__WHAT YOU NEED TO DO__
From the listing below, copy out every line where the word "Ring" appears.

__RECORDS TO PROCESS__
=== Begin Enclosure ===

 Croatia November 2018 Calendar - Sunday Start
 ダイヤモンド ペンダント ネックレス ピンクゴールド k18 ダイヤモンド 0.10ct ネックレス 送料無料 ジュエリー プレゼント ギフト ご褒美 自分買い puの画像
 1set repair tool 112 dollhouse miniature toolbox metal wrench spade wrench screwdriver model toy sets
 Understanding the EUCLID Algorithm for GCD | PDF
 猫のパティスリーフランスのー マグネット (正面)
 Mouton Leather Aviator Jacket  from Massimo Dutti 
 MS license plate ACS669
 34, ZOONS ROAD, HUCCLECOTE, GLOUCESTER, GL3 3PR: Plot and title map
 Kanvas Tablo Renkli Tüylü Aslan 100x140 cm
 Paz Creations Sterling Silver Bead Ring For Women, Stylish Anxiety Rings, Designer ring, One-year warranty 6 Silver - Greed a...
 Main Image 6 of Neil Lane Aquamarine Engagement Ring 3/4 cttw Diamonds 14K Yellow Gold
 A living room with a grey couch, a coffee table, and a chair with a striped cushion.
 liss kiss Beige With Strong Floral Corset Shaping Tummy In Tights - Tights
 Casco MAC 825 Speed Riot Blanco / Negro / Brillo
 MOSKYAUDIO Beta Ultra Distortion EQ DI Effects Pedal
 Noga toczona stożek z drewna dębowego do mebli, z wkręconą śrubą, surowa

=== End Enclosure ===

__OUTPUT FOR THIS TASK__
 Paz Creations Sterling Silver Bead Ring For Women, Stylish Anxiety Rings, Designer ring, One-year warranty 6 Silver - Greed a...
 Main Image 6 of Neil Lane Aquamarine Engagement Ring 3/4 cttw Diamonds 14K Yellow Gold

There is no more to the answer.